On one occasion, Anastasio worked late when the sprinkler system caused a flood. He asked Gulino for compensatory time off. Gulino said, "`No! You get nothing!'" Anastasio then said that he would appreciate a "thank you" for his work. Gulino became enraged and said, "`did you call to break my balls? Because if you did, go f___ yourself!'" ¶¶ 17-18. While cleaning up the water damage, Anastasio sent home a worker whom he noticed had been drinking alcohol prior to coming back to work to help with the clean-up. Gulino attempted, unsuccessfully, to persuade the employee to file a complaint against Anastasio. ¶¶ 19-21.

On another occasion, Gulino "berated" Anastasio on the phone "about some trivial matter," and then came to Anastasio's office and continued berating him. Anastasio told him that "he was blowing the situation out of proportion." Anastasio began walking away from Gulino, but Gulino grabbed him and "forcibly" spun him around. ¶ 22.

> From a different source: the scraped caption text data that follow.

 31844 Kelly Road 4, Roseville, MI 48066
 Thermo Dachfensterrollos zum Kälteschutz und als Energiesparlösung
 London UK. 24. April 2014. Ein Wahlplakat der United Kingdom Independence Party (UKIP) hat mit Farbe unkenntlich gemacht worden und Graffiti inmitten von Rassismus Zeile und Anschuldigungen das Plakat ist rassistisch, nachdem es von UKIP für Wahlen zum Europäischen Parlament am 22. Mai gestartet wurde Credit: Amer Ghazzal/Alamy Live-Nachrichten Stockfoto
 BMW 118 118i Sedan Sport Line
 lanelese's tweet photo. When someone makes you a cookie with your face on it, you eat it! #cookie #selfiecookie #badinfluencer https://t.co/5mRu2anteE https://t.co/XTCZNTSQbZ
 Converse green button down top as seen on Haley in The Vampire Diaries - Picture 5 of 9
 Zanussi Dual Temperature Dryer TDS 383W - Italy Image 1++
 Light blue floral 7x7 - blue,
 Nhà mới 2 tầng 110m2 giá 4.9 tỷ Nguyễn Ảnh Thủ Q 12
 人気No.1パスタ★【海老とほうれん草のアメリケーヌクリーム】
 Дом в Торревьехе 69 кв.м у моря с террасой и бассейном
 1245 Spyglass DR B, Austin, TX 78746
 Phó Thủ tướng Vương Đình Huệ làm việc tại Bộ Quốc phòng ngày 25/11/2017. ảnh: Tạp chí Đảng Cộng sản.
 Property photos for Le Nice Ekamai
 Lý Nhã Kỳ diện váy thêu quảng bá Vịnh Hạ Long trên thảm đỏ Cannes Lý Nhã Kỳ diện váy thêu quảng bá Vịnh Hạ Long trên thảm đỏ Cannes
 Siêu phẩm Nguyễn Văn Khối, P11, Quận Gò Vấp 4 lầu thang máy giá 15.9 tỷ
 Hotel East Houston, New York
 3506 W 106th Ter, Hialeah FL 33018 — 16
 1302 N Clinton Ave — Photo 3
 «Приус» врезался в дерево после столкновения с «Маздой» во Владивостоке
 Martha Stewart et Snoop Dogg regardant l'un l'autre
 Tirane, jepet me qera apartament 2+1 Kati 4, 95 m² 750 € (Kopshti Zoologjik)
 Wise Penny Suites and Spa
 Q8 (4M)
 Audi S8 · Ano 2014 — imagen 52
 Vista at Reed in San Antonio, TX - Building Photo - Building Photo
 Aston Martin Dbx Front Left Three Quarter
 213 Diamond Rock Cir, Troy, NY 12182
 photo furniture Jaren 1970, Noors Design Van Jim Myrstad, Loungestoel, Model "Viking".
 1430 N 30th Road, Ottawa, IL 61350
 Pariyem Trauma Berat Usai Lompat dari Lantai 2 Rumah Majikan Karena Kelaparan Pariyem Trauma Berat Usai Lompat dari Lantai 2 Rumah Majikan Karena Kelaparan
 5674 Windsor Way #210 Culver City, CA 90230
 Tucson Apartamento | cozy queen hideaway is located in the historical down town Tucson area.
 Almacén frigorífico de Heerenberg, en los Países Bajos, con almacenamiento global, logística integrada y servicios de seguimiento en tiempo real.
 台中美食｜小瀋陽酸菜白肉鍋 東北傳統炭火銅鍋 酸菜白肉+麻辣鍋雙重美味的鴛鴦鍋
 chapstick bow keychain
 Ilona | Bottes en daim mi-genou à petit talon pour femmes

Gulino ordered Anastasio to report medical problems to him, not the company nurse. On one occasion, Anastasio was twenty minutes late for work because he experienced heavy bleeding in his stool due to ulcerative proctitis, a condition he claims he developed as a result of Gulino's "abusive" conduct. Anastasio told Gulino's secretary about his condition, and Gulino ordered that he take a sick day and go home. Gulino told Anastasio that he would not tolerate such tardiness, even though he knew why Anastasio was late. ¶¶ 23-27.

On another occasion, Anastasio received press attention for helping with the cleaning of a defaced religious statute. After this, Gulino, despite being Anastasio's direct supervisor, "refused" to speak to him. ¶ 28.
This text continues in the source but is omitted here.